The High Court has appointed an interim examiner to fashion retailer A-Wear.
The chain, which employs more than 350 people across 30 stores in Ireland and Northern Ireland, blames its current difficulties on high rents and increased competition.
The company hopes that the vast majority of those jobs can be saved.
Mr Justice Peter Charleton appointed insolvency practitioner Mr Ken Fennell as interim examiner to Latzur Ltd, trading as A-Wear, after an independent accountant’s report said the company had a reasonable prospect of survival if certain steps were taken.
These steps include the examiner putting together a scheme of arrangement with the firm's creditors, which if approved by the High Court would allow the company to continue to trade as a going concern.
The court heard that obtaining a reduction in the rents the firm pays for its outlets will form an important part in the firm's future.
A-Wear was purchased by its current owners from receivers in 2012. While the current owners had reduced the firm's annual losses from €5 million to €2.5 million per year, they had taken things in certain regards "as far as they can."
High rents were "a significant problem" for the company, counsel said. Rent at its outlet in Dublin’s Grafton St counted for 28% of its revenues, counsel said.
In addition rent accounted for more than 15% of revenues at 17 other stores, which counsel said was "much too high". Counsel said a business plan put together by the company had identified which stores will need to close if agreements cannot be reached in relation to rents.
In addition to the high rents the company had faced increased competition from low cost competitors in the 18-35 years ladies fashion market. Steps have been taken by the company to reposition itself in that key area, counsel said, adding that some progress has already been made.
Counsel added the company's wholesale business and internet sales were profitable. It intends to expand this part of its business in conjunction with European partners in the event the examinership proves successful, counsel added.
Counsel said the appointment of an independent person, such as an examiner, would allow negotiations on rent agreements on A-Wear’s with landlords to commence.
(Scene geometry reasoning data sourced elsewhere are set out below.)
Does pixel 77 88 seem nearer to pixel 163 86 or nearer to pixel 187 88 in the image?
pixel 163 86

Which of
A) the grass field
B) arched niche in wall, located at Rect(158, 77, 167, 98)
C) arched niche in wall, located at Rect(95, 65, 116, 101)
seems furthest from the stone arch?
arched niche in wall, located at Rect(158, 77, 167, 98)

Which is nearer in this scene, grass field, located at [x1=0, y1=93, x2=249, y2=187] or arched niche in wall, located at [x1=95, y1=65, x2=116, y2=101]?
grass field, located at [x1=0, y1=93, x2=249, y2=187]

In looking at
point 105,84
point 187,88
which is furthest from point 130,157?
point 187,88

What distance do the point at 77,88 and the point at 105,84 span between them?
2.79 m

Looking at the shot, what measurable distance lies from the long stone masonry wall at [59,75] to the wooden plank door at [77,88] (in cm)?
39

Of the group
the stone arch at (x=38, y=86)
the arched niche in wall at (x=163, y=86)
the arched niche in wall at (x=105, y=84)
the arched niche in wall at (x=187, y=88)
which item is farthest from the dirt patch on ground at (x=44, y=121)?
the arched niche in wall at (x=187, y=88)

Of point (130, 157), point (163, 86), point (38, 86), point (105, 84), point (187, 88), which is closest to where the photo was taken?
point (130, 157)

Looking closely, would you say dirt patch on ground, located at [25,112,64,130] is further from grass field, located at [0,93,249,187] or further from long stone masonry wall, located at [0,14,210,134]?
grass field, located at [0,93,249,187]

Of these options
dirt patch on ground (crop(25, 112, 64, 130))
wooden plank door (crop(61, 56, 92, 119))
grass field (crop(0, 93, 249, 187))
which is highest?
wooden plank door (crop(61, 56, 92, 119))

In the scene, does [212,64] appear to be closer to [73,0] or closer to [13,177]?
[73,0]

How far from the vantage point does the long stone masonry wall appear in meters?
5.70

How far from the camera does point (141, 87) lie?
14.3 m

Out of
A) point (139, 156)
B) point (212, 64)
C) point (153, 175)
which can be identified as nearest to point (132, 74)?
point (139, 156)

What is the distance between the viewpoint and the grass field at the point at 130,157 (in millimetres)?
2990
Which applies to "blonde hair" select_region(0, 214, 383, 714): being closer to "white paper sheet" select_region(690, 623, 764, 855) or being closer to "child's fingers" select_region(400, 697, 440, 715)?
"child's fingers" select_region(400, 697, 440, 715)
It would also ensure that vouchers, which make up a significant part of the business, would be honoured.
The examiner would also give confidence to A-Wear's suppliers to continue to provide products to the stores, counsel added.
In appointing Mr Fennell Mr Justice Charleton said there were "strong reasons" why an interim examiner should be appointed.
He agreed an examiner was required to open negotiations with the landlords over rental agreements, and ensure that vouchers are honoured.
The firms suppliers would also need to deal with an examiner during the period of protection, the Judge added.
The matter was adjourned to a date later this month.